If I understand you correctly, you want to draw a distance-constrained random sample from your data for each observation in the data. This is akin to a K nearest neighbor analysis.
Here is an example workflow that will create a kNN random sample, using a minimum distance constraint, and add the corresponding rowname back to your data.
Add libraries and example data
library(sp)
data(meuse)
coordinates(meuse) <- ~x+y
Calculate a distance matrix using spDists
dmat <- spDists(meuse)
Define minimum sample distance and set to NA in distance matrix. Here is where you would create any type of constraint say, a distance range.
min.dist <- 500
dmat[dmat <= min.dist] <- NA
Here we iterate through each row in the distance matrix and select a random sample != NA. The "samples" object is a data.frame where ID is the rownames of the source object and kNN is the rowname of the nearest neighbor. Note; there is some NA handling added just in case no neighbor is found, which could happen with distance constraints.
samples <- data.frame(ID=rownames(meuse@data), kNN=NA)
for(i in 1:nrow(dmat) ) {
x <- as.vector( dmat[,i] )
names(x) <- samples$ID
x <- x[!is.na(x)]
if(!length(x) == 0) {
samples[i,][2] <- names(x)[sample(1:length(x), 1)]
} else {
samples[i,][2] <- NA
}
}
We can then add the kNN column, containing the rownames of the nearest neighbor, to the original data.

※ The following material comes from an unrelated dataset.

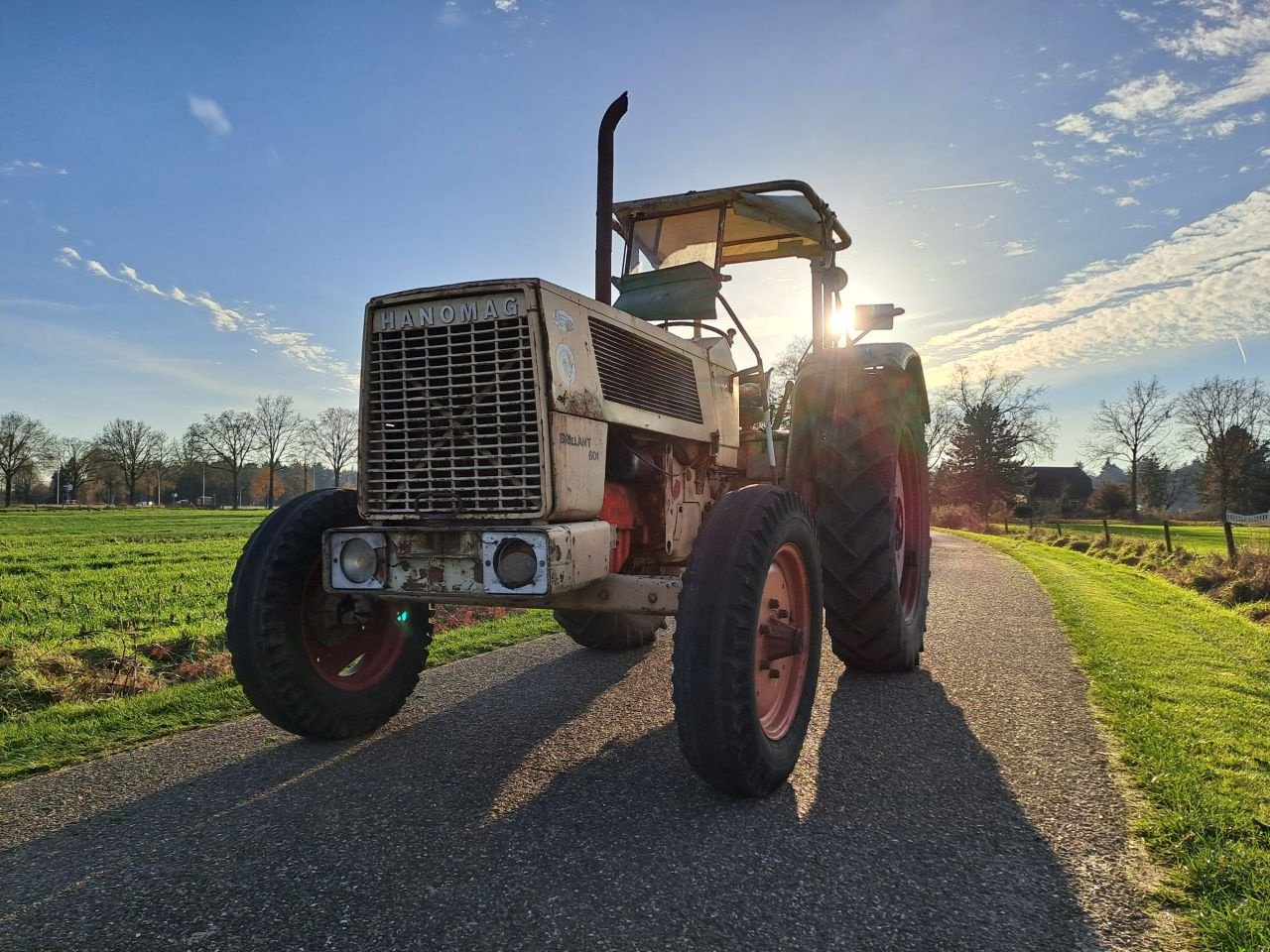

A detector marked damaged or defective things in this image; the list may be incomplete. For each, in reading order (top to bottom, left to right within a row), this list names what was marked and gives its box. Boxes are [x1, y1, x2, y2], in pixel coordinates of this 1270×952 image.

rusty front grille [365, 313, 548, 516]
rusty front grille [591, 321, 706, 422]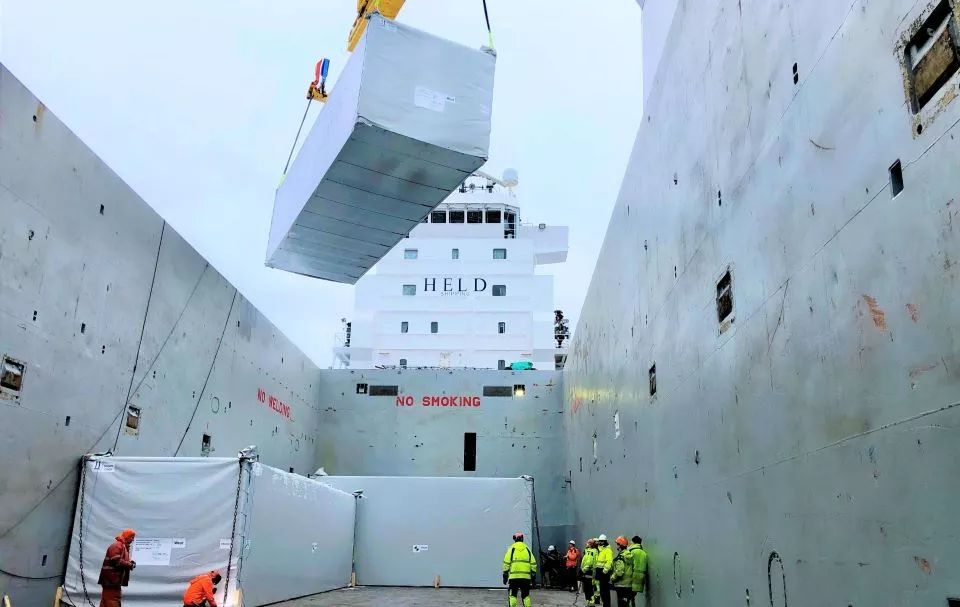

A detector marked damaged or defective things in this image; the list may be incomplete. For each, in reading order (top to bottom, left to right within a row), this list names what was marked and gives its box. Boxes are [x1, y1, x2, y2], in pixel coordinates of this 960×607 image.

meuse@data <- data.frame(meuse@data, kNN=samples$kNN)
head(meuse@data)
We could also subset the unique nearest neighbor observations.
meuse.sub <- meuse[which(rownames(meuse@data) %in% unique(samples$kNN)),]
There are much more elegant ways to perform this analysis but this workflow gets the general idea across. I would recommend taking a hard look at the spdep library and dnearneigh or knearneigh functions for a more advanced solution.
What I do:
Create attribute for raster (Build Raster Attribute Table in ArcGIS)
Select a class/row in raster attribute table
Use raster to point tool to create a BUNCH of points for each pixel of that value
Use Subset Features Tool to create specified number of random points
Note: this is the technique I used for accuracy assessments, I compare the points against the imagery to see how valid the classification was.
Best Answer
Well, if it was as simple as an out-of-the-box sample function with a distance argument, I would have provided that as a solution (although now, I may write one). Depending on your sample, you can actually add bias to the resulting subsampled data by adding an explicit distance criteria. There are also cases, with highly clustered data juxtaposed with randomly distributed observations, where you may weaken the autocorrelation but, functionally, not remove it. I know that distance-based subsampling is common practice in RSF models but, it is quite arbitrary in both application and legacy.
One thing I would recommend trying, in reducing autocorrelation or pseudoreplication (in this case interchangeable terms), is to subsample the data based on the observed spatial process itself. The function "pp.subsample" in the spatialEco package will create a subsample based on the expected spatial intensity function of the observed data thus, reducing clustering. A quick look at the data will indicate if one would want a 1st or 2nd order bandwidth. If there is significant localized clustering then I would recommend sigma = "diggle" or " stoyan". In contrast, if there is weak clustering over large distance lags, then a 1st order bandwidth, like "scott", is in order.
The size (n) of the subsample is slightly more complicated and you may need to perform a power test to find the trade-off between a degree of weak autocorrelation, that will likely not effect iid or residual error in an OLS or GLM, and statistical power given sample size.